WHAT TO DO: The reply should hold only the lines below beginning at the one with "A sleeveless dark" and ending at the one with "Women Solid Black", copied exactly, with every picture left out.

EXCERPTED RECORDS:
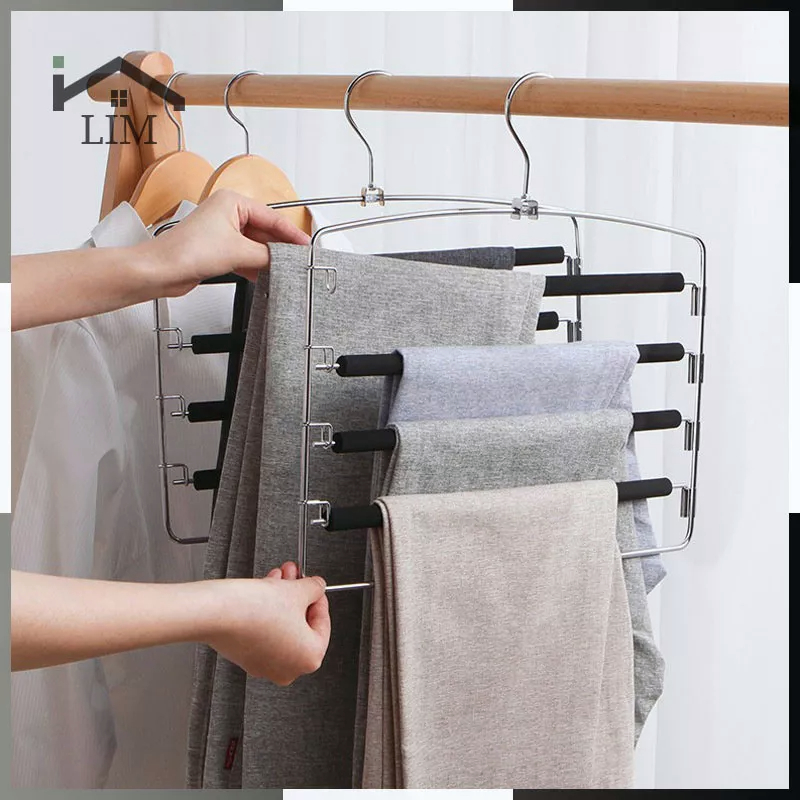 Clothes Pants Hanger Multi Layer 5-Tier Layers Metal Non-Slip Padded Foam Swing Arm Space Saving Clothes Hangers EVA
* * *
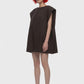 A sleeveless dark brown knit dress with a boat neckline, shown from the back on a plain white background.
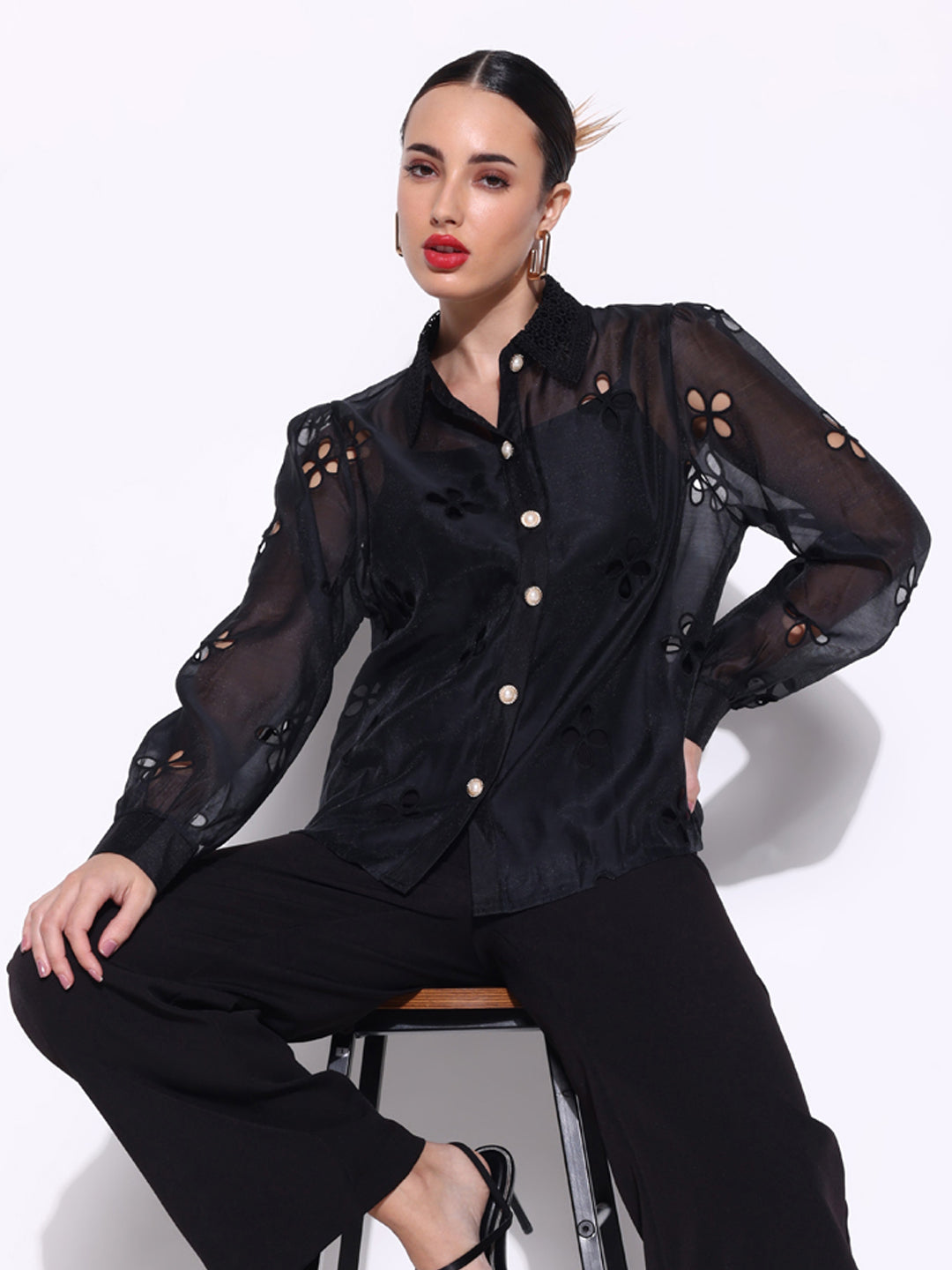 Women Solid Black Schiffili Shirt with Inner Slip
---
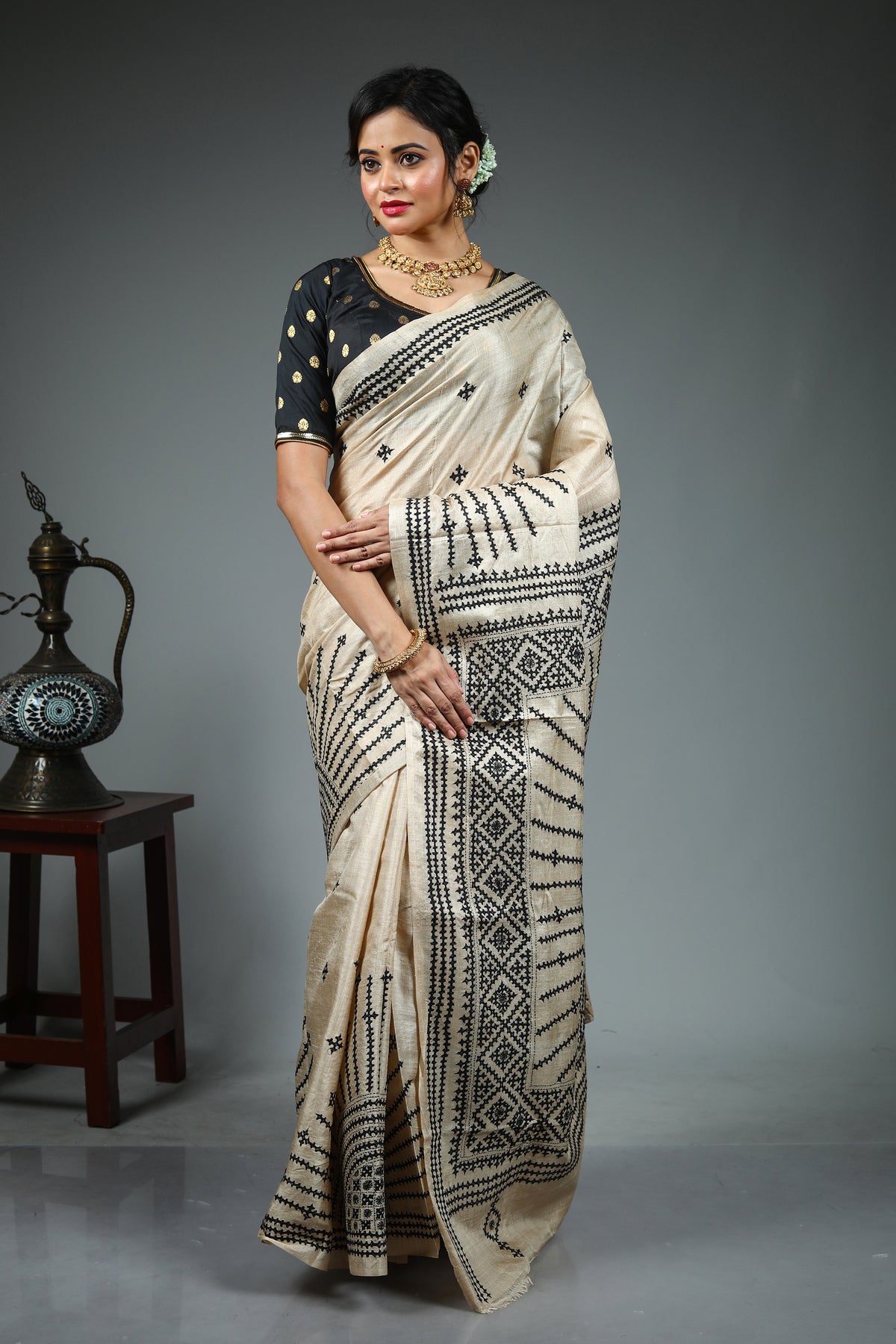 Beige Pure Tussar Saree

PROBLEM SOLUTION:
 A sleeveless dark brown knit dress with a boat neckline, shown from the back on a plain white background.
 Women Solid Black Schiffili Shirt with Inner Slip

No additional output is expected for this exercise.